Verification typically includes:
Schema verification: confirm the attestation conforms to the referenced schema
Signature verification: confirm the signer and the signing domain
Authority verification: confirm the signer was authorized to issue that type of statement in the relevant governance model
Status verification: confirm revocation, expiration, supersession, or dispute status
Evidence verification: confirm referenced proofs or artifacts meet the verifier's acceptance policy
For implementation, see:
Can attestations be edited or deleted?
In general, you should treat attestations as append-only records. Instead of mutating history, systems typically:
Revoke attestations
Issue a superseding attestation
Attach dispute or correction attestations under defined rules
The correct approach depends on your governance and audit requirements. For operational guidance, see Governance & Operations.
What networks and runtimes are supported?
Network support evolves over time and depends on deployment and operational requirements.
For the authoritative list, see:
How is Sign Protocol different from EAS?
EAS is commonly used in EVM environments and is tightly shaped by the EVM execution and data model.
Sign Protocol is designed as an attestation and evidence layer that can be deployed across multiple environments and can support different storage, privacy, and verification models. The practical differences typically show up in interoperability, data-location strategies, and how the protocol integrates with non-EVM systems.
If you are choosing between the two, decide based on your target environments, verification requirements, and long-term governance constraints.
TokenTable and EthSign
What is TokenTable?
TokenTable is a product for capital allocation and distribution workflows. It is typically used where eligibility, allocation rules, controlled distribution, and reporting requirements must be implemented as an auditable system.
See TokenTable.
What is EthSign?
EthSign is a product for agreements and signatures, designed to support institutional workflows where execution, authorization, and evidence must be captured reliably.
See EthSign.
Do TokenTable and EthSign require Sign Protocol?
Not strictly. They can be used as standalone products, depending on deployment architecture.
In sovereign or regulated deployments, the common pattern is that agreements, allocations, and program operations benefit from a shared evidence layer so that verification and audit do not have to be rebuilt per application.
Contributions and community
Do you accept public contributions?
Yes. Contributions are welcome where they improve correctness, security posture, developer experience, and integration quality.
Typical contribution paths include:
Documentation fixes and clarifications
Bug reports and reproducible test cases
Pull requests to relevant repositories, where applicable
Follow the repository contribution guidelines for coding standards and review expectations.
How do I report a security issue?
Do not disclose sensitive vulnerabilities in public issue trackers.

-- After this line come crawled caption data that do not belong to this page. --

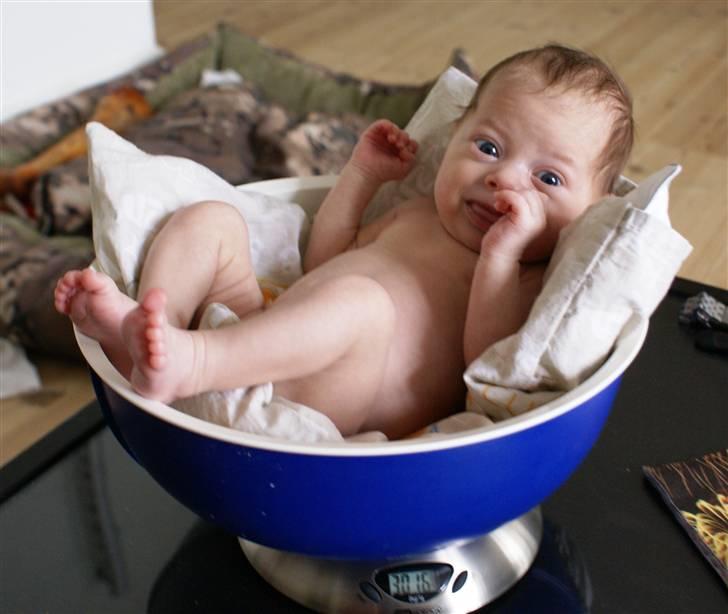 Pige Kaya Emilie - Vejes i på køkkenvægten. Over 3 kg !! :D 1 mdr og 16 dage gammel. billede 11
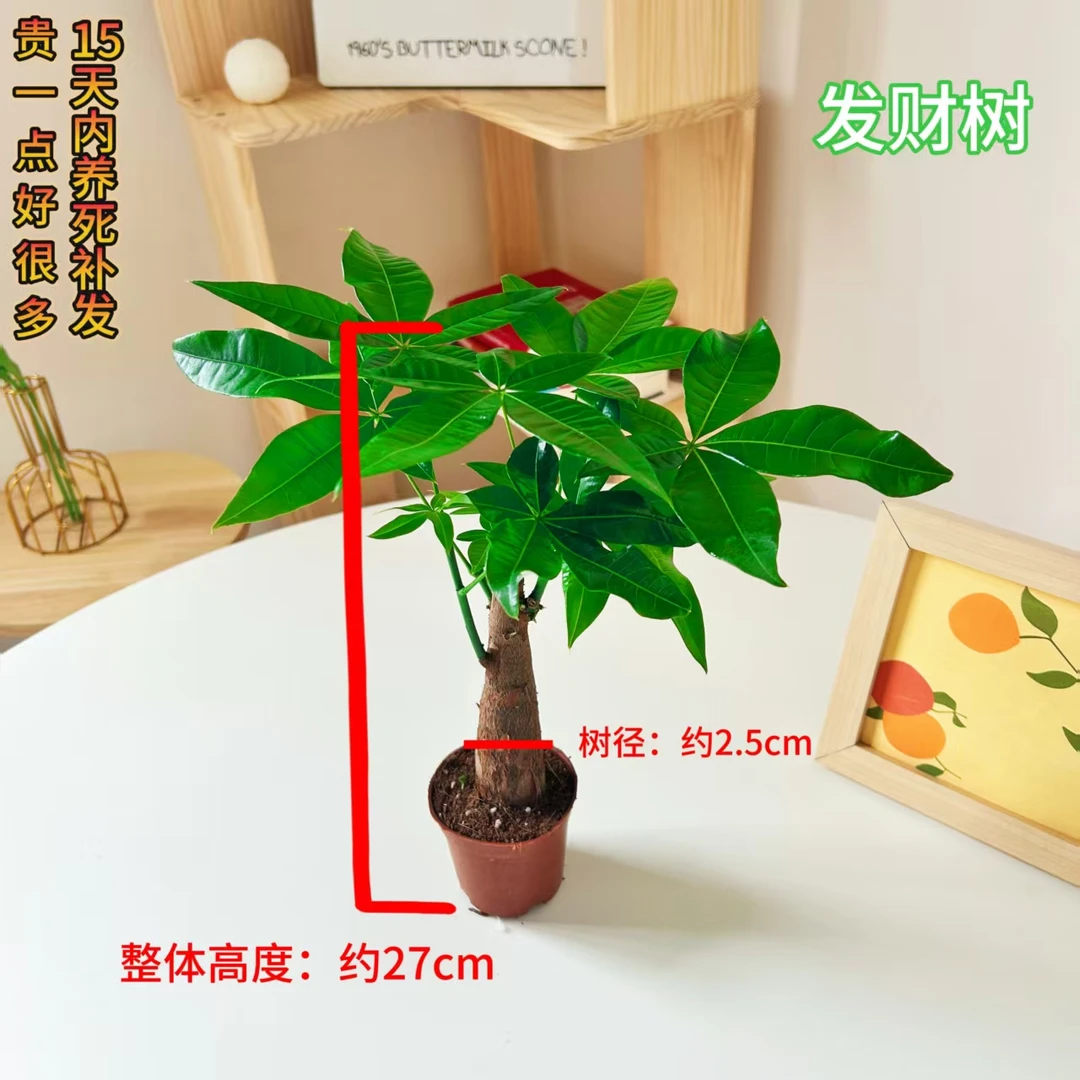 独杆发财树室内小盆栽客厅招财盆景办公室好养活绿植绿植盆栽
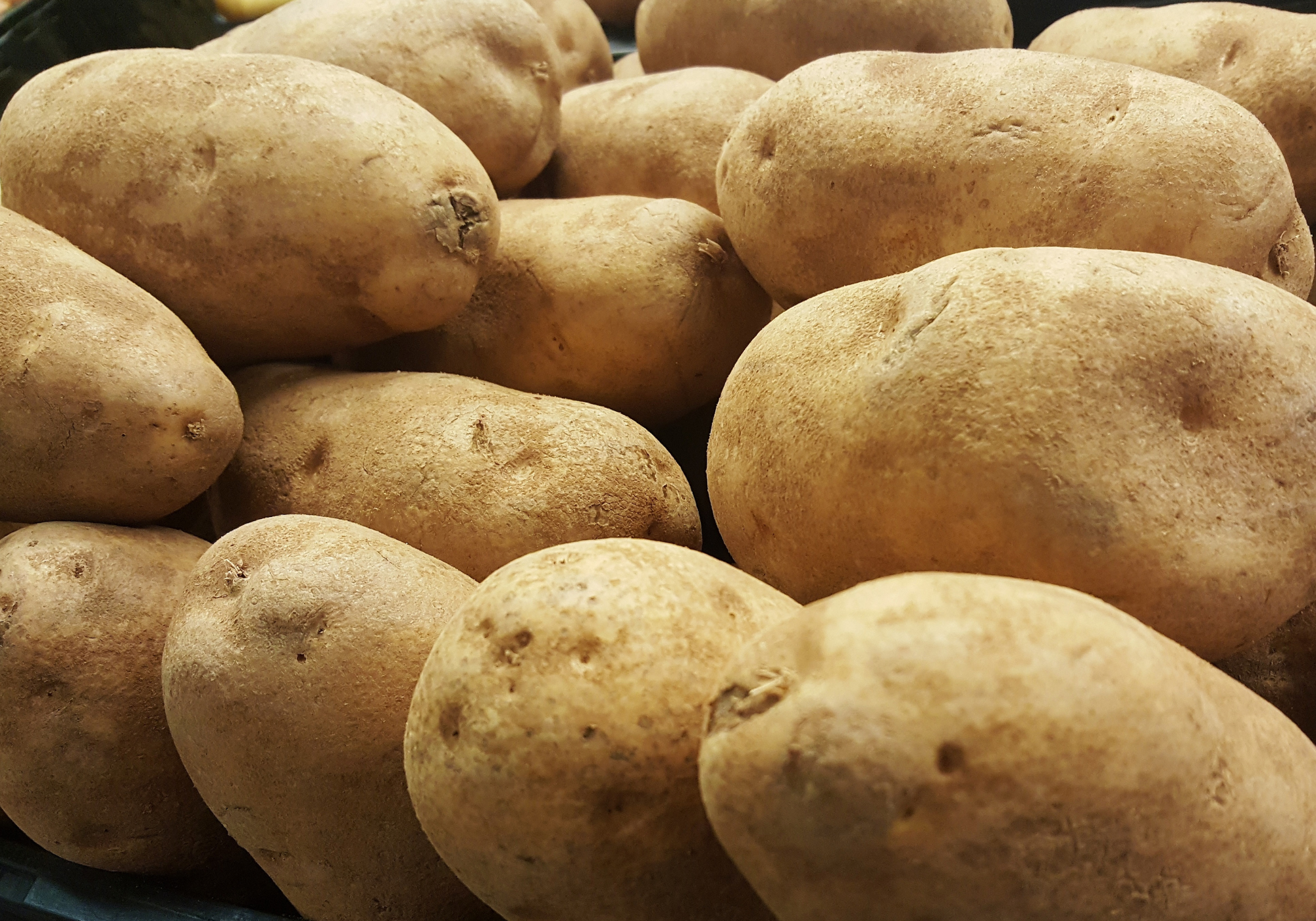 Potatoes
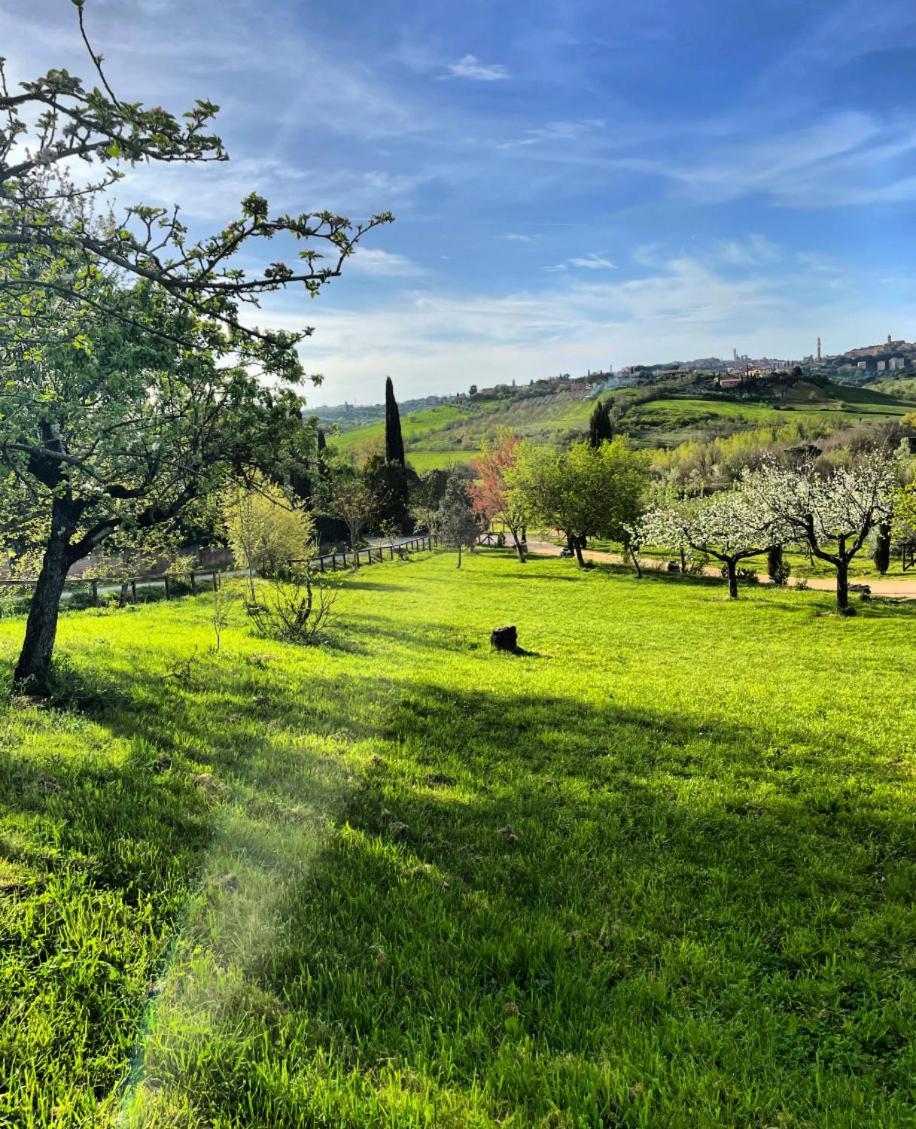 Agriturismo La Corte Del Sole Сиена Экстерьер фото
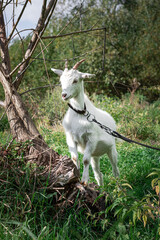 Fototapeta premium white goat on a meadow. white goat stands on a tree. a goat grazes in a meadow. goat on a leash. goat on a leash. a little goat grazes on a green meadow
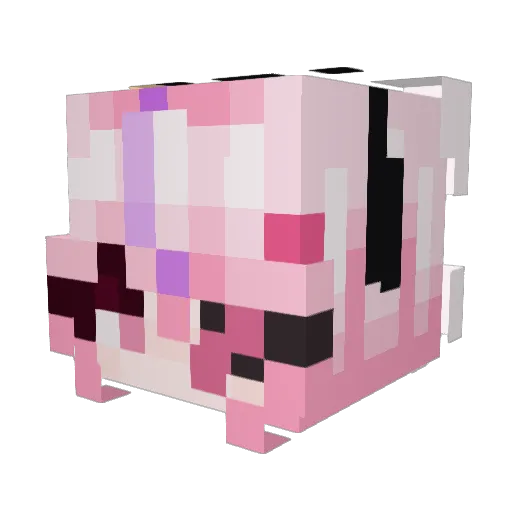 BrackBrack228 Minecraft avatar head, 3D render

Use the security reporting process defined by the project. If a dedicated security contact is not listed in the repository, start with the organization contact method provided in the documentation site or the repository metadata, and request secure disclosure instructions.
Also review:
Where should I ask questions or send feedback?
Use the most appropriate channel for the type of request:
Documentation issues: open an issue or pull request in the relevant repository
Developer support: use the community or developer channels referenced by the project
Product and deployment discussions: use the contact paths intended for institutional engagements
When possible, include environment details, expected behavior, actual behavior, and minimal reproduction steps.